→ **What is being asked**:
In the entries that follow, the lines from the line containing "Bồn cầu 1 khối Inax AC-1135VN" up to and including the line containing "Image of Benedictine" must be copied exactly, with pictures omitted.

→ **Given data**:
┌──
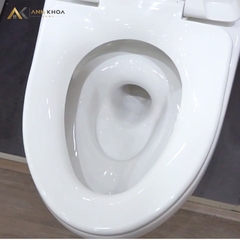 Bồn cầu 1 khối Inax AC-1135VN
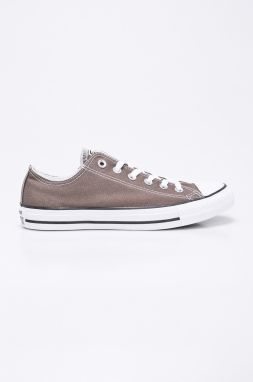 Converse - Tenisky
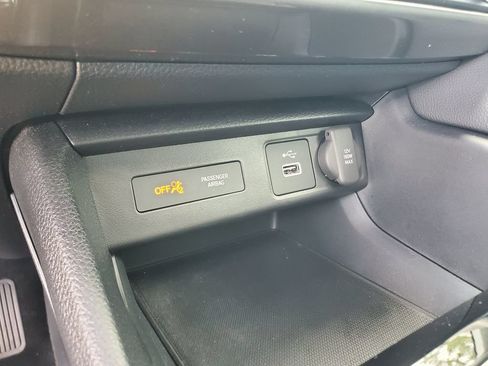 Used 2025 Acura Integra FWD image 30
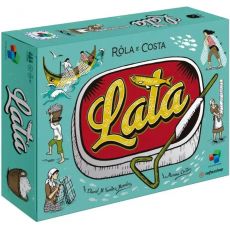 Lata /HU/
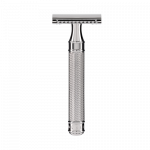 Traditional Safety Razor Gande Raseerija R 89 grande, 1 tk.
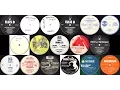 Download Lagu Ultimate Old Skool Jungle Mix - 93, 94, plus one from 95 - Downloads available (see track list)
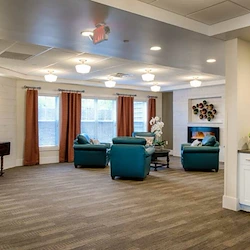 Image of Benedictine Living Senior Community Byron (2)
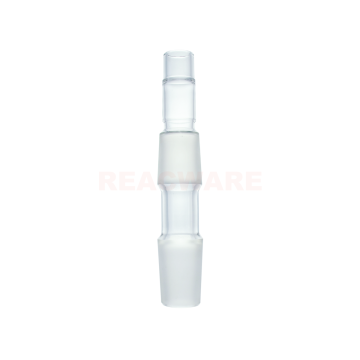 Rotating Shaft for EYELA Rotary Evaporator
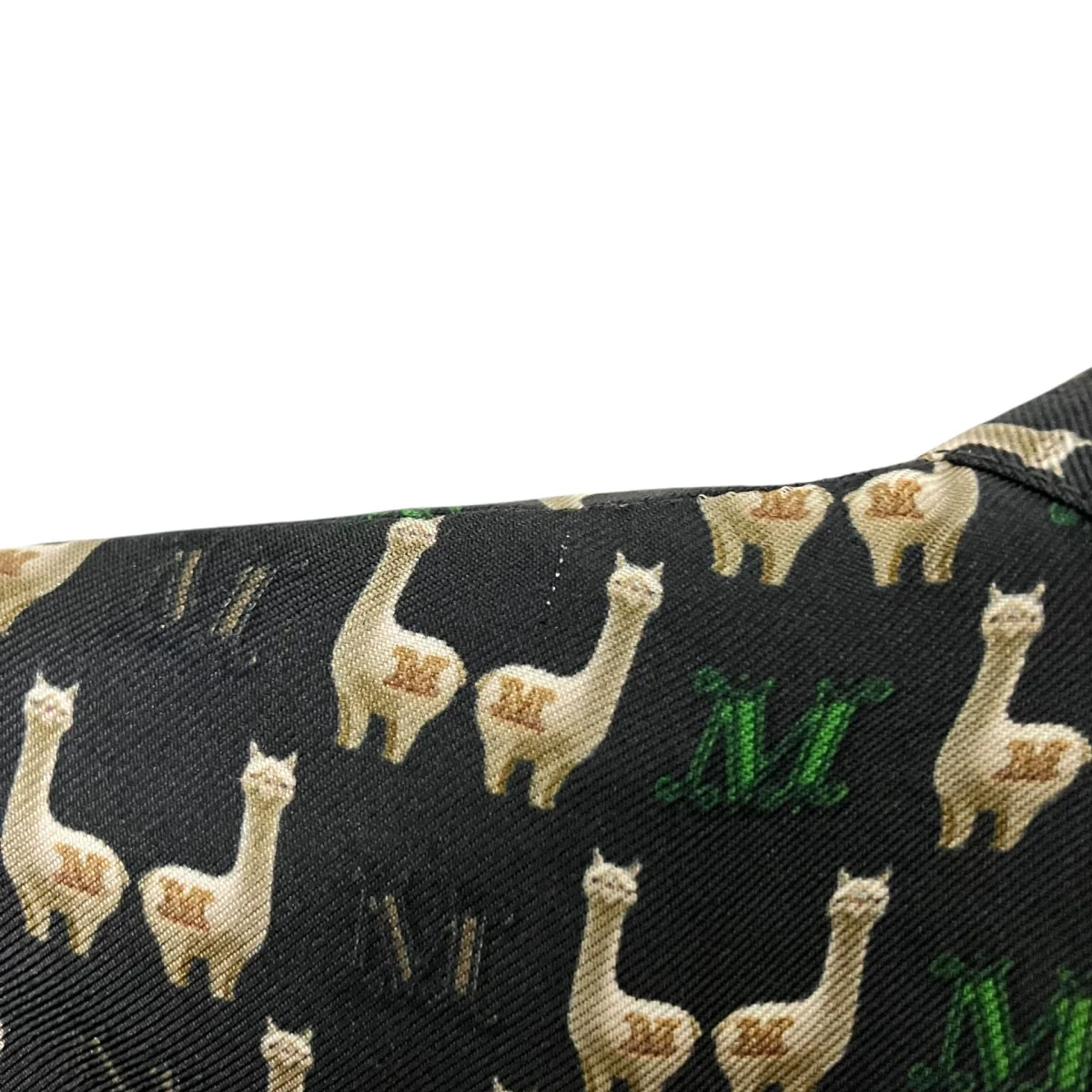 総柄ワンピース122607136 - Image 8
└──
┌──
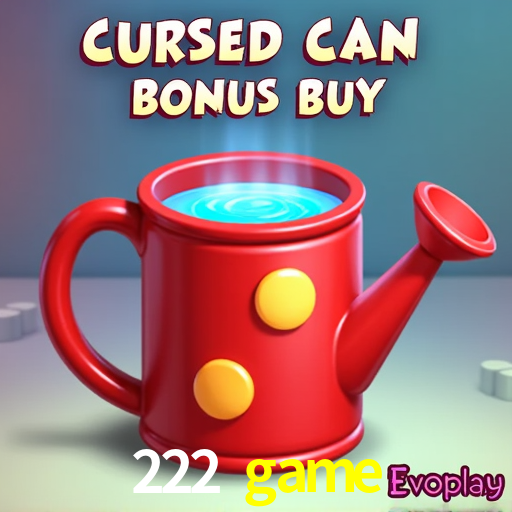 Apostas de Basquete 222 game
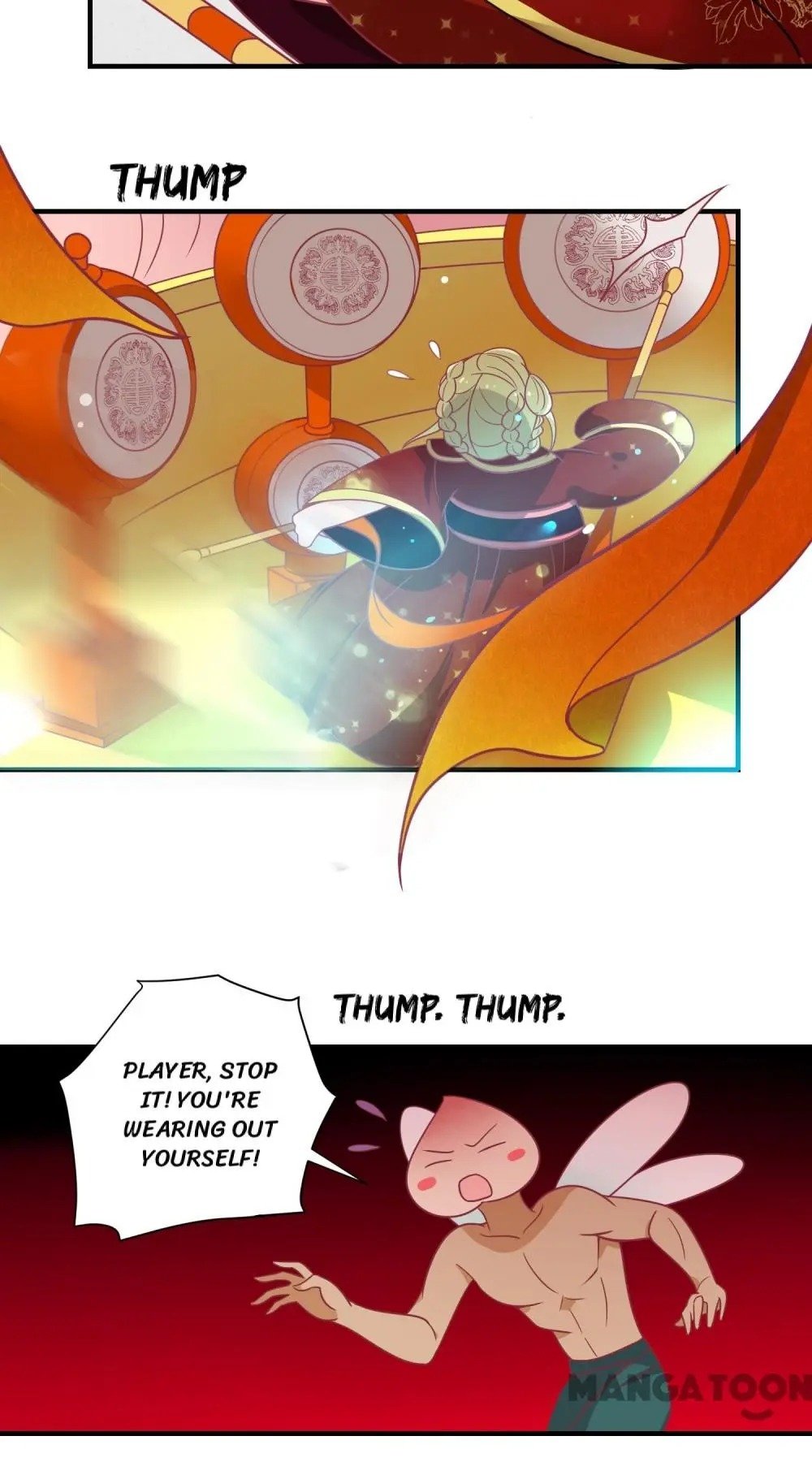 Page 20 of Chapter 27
└──
→ **Response**:
 Bồn cầu 1 khối Inax AC-1135VN
 Converse - Tenisky
 Used 2025 Acura Integra FWD image 30
 Lata /HU/
 Traditional Safety Razor Gande Raseerija R 89 grande, 1 tk.
 Download Lagu Ultimate Old Skool Jungle Mix - 93, 94, plus one from 95 - Downloads available (see track list)
 Image of Benedictine Living Senior Community Byron (2)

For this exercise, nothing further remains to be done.